The UK’s Prime Minister Liz Truss and Chancellor of the Exchequer Kwasi Kwarteng appear to be undeterred by criticisms of the government’s mini-budget amid market turmoil and calls to reverse some of the tax cuts.
Truss on Friday insisted the government had been right to subsidise energy bills and cut taxes, while Kwarteng said he will be setting out a “credible plan” to get the public finances back on track with a “commitment to spending discipline.”
It comes as ministers in the Scottish, Welsh, and Northern Irish governments called for an urgent meeting with Kwarteng, labelling the chancellor’s package “a huge gamble on public finances and the health of our economy” in a letter to him.

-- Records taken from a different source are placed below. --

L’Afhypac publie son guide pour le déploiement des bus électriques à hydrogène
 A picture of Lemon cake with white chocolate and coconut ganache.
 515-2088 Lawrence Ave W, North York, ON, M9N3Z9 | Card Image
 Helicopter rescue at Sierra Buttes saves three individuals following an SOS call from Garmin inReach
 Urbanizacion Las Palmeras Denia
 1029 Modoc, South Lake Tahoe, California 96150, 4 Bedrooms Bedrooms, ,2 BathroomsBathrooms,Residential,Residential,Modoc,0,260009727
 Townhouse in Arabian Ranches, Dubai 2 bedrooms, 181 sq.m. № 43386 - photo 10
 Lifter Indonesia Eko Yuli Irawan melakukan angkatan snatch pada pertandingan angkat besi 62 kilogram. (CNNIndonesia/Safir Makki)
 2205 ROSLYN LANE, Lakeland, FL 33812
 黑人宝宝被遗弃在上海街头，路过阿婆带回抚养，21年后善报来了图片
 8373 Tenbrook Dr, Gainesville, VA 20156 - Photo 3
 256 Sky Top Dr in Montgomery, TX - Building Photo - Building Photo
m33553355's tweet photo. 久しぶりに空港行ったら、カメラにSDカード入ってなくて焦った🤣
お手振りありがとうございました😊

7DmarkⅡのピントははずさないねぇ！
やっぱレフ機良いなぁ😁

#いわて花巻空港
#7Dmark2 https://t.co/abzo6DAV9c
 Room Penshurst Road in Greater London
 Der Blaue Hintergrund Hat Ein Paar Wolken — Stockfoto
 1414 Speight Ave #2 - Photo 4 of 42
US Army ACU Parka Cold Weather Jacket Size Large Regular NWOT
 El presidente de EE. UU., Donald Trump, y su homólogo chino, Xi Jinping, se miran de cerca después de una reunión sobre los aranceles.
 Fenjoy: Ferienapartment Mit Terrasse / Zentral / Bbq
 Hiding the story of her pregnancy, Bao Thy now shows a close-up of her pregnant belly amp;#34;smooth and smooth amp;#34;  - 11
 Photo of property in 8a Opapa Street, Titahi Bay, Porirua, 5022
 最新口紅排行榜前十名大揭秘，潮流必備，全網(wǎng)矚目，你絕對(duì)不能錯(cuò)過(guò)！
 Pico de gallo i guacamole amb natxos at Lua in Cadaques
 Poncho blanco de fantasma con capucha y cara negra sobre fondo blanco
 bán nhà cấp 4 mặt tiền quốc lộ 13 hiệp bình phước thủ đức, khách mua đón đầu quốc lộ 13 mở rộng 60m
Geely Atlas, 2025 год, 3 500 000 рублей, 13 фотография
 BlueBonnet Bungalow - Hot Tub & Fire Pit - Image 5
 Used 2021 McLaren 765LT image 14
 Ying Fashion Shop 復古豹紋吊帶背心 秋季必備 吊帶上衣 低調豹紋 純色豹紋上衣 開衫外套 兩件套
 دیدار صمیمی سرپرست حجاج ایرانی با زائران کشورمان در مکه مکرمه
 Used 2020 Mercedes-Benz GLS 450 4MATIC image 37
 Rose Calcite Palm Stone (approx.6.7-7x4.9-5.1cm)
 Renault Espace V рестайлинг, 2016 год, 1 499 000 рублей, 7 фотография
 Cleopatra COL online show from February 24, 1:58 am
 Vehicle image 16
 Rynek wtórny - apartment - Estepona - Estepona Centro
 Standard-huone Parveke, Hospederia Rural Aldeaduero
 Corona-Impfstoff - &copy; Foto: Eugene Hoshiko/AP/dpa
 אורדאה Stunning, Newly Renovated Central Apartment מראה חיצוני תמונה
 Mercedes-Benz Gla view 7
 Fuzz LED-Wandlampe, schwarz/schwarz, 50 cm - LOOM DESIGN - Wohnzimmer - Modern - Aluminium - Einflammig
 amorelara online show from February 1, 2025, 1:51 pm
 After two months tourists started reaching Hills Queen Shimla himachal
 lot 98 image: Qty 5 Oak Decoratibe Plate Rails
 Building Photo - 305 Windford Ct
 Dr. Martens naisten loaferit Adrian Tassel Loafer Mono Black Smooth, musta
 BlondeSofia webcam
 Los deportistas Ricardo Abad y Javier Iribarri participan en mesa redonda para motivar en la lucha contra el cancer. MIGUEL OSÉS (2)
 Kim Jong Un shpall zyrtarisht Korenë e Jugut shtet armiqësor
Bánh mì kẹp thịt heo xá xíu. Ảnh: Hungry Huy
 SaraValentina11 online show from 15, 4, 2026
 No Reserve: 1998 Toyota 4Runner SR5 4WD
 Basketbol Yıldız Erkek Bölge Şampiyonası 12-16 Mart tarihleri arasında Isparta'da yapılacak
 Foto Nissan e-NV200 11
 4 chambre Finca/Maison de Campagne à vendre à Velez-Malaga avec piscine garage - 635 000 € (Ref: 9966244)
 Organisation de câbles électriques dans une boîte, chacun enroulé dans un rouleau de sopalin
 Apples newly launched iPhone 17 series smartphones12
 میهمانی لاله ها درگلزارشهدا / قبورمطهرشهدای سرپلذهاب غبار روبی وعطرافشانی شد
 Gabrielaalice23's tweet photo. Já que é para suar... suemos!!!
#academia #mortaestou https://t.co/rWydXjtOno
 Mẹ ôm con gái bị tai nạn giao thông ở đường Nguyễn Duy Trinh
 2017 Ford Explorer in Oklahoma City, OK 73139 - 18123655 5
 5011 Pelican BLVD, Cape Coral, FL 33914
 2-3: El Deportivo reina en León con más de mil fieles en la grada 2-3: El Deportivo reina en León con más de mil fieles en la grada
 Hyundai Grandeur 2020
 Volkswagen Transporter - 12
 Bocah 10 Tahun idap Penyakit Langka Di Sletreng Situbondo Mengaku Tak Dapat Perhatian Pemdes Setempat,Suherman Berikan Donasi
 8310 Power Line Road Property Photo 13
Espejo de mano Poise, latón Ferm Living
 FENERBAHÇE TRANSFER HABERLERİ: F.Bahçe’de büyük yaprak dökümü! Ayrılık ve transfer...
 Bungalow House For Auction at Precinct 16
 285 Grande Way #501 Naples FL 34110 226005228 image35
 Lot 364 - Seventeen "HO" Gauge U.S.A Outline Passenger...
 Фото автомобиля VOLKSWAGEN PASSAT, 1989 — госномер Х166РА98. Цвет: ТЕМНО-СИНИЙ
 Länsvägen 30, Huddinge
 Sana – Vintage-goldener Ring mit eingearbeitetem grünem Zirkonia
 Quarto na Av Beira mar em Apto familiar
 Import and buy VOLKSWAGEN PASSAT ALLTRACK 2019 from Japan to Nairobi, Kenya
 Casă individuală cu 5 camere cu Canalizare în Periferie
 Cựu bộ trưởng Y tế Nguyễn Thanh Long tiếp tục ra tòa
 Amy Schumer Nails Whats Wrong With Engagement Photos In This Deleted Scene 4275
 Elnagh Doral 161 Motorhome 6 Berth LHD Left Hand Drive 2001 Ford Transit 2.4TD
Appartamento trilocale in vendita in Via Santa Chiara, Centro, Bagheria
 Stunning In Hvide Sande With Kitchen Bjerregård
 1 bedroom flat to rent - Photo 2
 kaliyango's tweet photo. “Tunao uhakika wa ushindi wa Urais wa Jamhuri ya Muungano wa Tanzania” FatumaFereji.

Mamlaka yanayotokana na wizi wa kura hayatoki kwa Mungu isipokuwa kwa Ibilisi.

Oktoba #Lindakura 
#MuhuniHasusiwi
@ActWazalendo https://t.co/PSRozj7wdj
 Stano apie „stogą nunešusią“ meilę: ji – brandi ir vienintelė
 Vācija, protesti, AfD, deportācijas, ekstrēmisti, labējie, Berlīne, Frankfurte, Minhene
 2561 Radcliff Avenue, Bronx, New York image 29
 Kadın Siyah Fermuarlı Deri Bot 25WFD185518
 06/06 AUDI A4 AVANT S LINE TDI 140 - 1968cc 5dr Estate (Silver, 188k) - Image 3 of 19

She also said the government is negotiating with energy suppliers, accelerating home-grown energy production, and focusing on growth instead of redistribution.
The prime minister acknowledged that her plan “involves difficult decisions and does involve disruption in the short term,” but sought to reassure the public, saying “the government has a clear plan” that she believes is “right for the country.”
He also defended the tax cuts, saying the UK was on a “clearly unsustainable” path, with a 70-year high tax burden.
Kwarteng vowed to set out a “credible plan to get debt falling as a share of GDP in the medium term, with new fiscal rules and a commitment to spending discipline” in his Medium-Term Fiscal Plan.
He added that the plan “will be alongside” a full economic and fiscal forecast from the Office for Budget Responsibility (OBR), which is due to be published on Nov. 23.
Mini-Budget
The energy bill for a typical UK household was set to jump up by 80 percent on Saturday and double again by April next year.In her first major policy intervention as the prime minister, Truss capped the energy prices for all households and businesses, with the government picking up the rest of the bill in a package estimated to cost £60 billion in the next six months.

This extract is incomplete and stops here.